Problem requirements:
Please give back the listing exactly, without any of its pictures.

Given data:
==============================

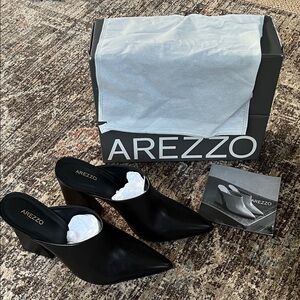 NWT Arezzo Women's Mules Black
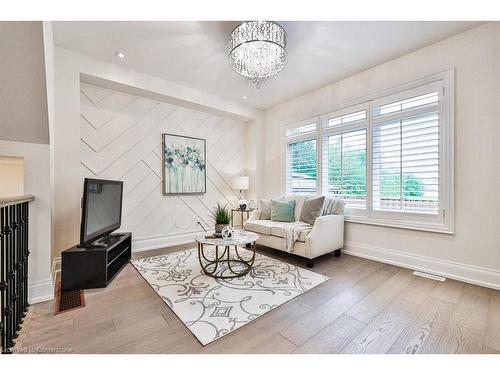 1562 Edencrest Drive, Mississauga, ON - Indoor Photo Showing Living Room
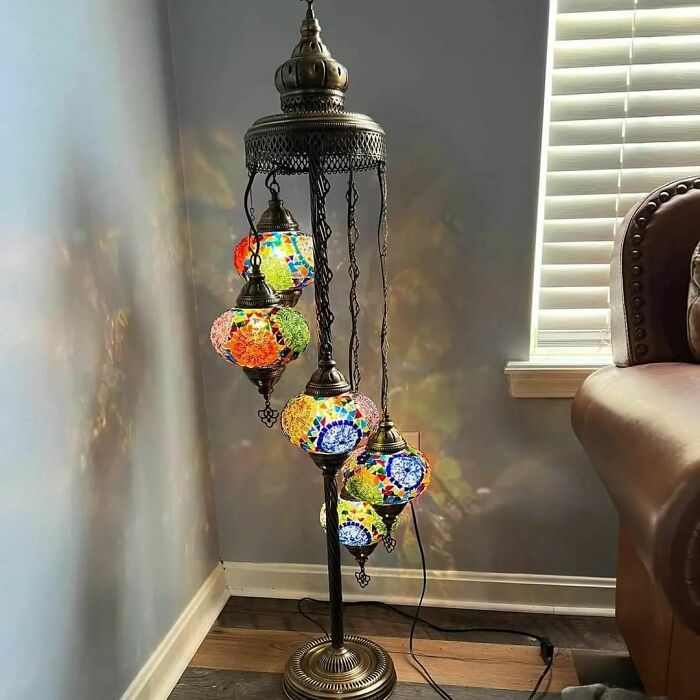 While Driving Through The Neighborhood Found This Laying On The Curb Couldn’t Believe It Wasent Broke Just Needed Bulbs Absolutely Love It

==============================

Solution for this exercise:
 NWT Arezzo Women's Mules Black
 1562 Edencrest Drive, Mississauga, ON - Indoor Photo Showing Living Room
 While Driving Through The Neighborhood Found This Laying On The Curb Couldn’t Believe It Wasent Broke Just Needed Bulbs Absolutely Love It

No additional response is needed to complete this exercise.